Inaccurate world coordinates of the calibration points (e.g., taken from a blurry satellite image) result easily in an inadequate calibration model. Additional visual control of the obtained calibration (e.g., by drawing a grid on the zero-plane) is highly recommended.
The use of several camera views with common points may greatly improve the calibration of each single camera. The additional camera views do not necessarily require another video camera installation, they can simply be taken with a mobile phone or camera, thus minimizing the additional work required.
The introduction of a road surface height model might be an additional step toward improving the accuracy of measurements from videos. This might be particularly important in the case of a large study area in which significant height variations are possible; thus, the assumption that road users move on the zero-plane might be insufficient.
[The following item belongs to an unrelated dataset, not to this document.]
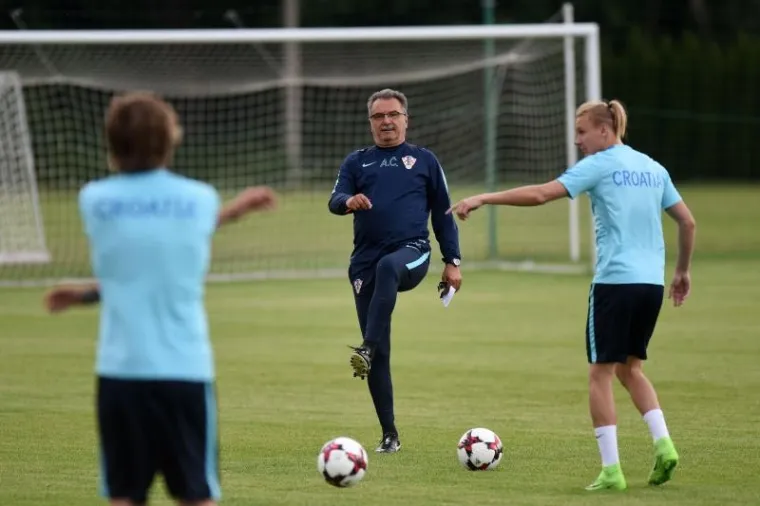 VRATIO MU SE OSMIJEH NA LICE: Mandžukić zaliječio rane iz finala Lige prvaka i priključio se Vatrenima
In this study, we have not investigated the temporal aspect of the measurements from videos (for example, the accuracy of speed and acceleration calculated based on the positions measured from a video). This aspect should be addressed in future research.
Footnotes
Acknowledgements
This work has received funding from the European Union’s Horizon 2020 research and innovation program under grant agreement No. 635895. Some data were collected in a project financed by Vinnova, Sweden’s innovation agency.
Author Contributions
The authors confirm contribution to the paper as follows: study conception and design: A.L., M.N.; data collection: A.L.; analysis and interpretation of results: A.L.; draft manuscript preparation: A.L., M.N. All authors reviewed the results and approved the final version of the manuscript.
The Standing Committee on Highway Traffic Monitoring (ABJ35) peer-reviewed this paper (18-01963).
This publication reflects only the authors’ views. The European Commission and Vinnova are not responsible for any use of the information it contains.